# CTF Crypto - Stream Cipher Attacks

LFSR, RC4, and XOR-based stream cipher attacks. For block cipher attacks (AES, padding oracle, MAC forgery), see [modern-ciphers.md](modern-ciphers.md).

## Table of Contents
- [LFSR Stream Cipher Attacks](#lfsr-stream-cipher-attacks)
  - [Berlekamp-Massey Algorithm](#berlekamp-massey-algorithm)
  - [Correlation Attack](#correlation-attack)
  - [Known-Plaintext on LFSR Keystream](#known-plaintext-on-lfsr-keystream)
  - [Galois vs Fibonacci LFSR](#galois-vs-fibonacci-lfsr)
  - [Common LFSR Lengths and Polynomials](#common-lfsr-lengths-and-polynomials)
  - [Galois LFSR Tap Recovery via Autocorrelation (BSidesSF 2026)](#galois-lfsr-tap-recovery-via-autocorrelation-bsidessf-2026)
- [RC4 Second-Byte Bias Distinguisher (Hackover CTF 2015)](#rc4-second-byte-bias-distinguisher-hackover-ctf-2015)
- [XOR Consecutive Byte Correlation Attack (Defcamp 2015)](#xor-consecutive-byte-correlation-attack-defcamp-2015)
- [Fibonacci Stream Cipher Position-Shifting Oracle (EKOPARTY 2017)](#fibonacci-stream-cipher-position-shifting-oracle-ekoparty-2017)
- [Z3 Constraint Solving for Custom Stream Ciphers (Tokyo Westerns 2017)](#z3-constraint-solving-for-custom-stream-ciphers-tokyo-westerns-2017)

---

## LFSR Stream Cipher Attacks

Linear Feedback Shift Registers generate keystreams from an initial state and feedback polynomial. Common in CTF crypto challenges and lightweight/custom ciphers.

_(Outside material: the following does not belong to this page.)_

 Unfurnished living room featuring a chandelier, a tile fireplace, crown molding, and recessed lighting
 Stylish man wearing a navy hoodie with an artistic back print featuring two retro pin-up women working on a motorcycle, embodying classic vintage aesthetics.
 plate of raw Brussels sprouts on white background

**Detection:** Look for bit-level operations (XOR, shift, AND with tap mask), short repeating keystreams, or challenge descriptions mentioning "stream cipher", "LFSR", "shift register", or "linear recurrence".

### Berlekamp-Massey Algorithm

**Pattern:** Given a portion of known keystream (from known plaintext XOR), recover the minimal LFSR that generates it. Once you have the feedback polynomial and state, predict all future (and past) output.

**Key insight:** Berlekamp-Massey finds the shortest LFSR producing a given sequence in O(n^2). If you have 2L consecutive keystream bits (where L is the LFSR length), you can fully recover the LFSR.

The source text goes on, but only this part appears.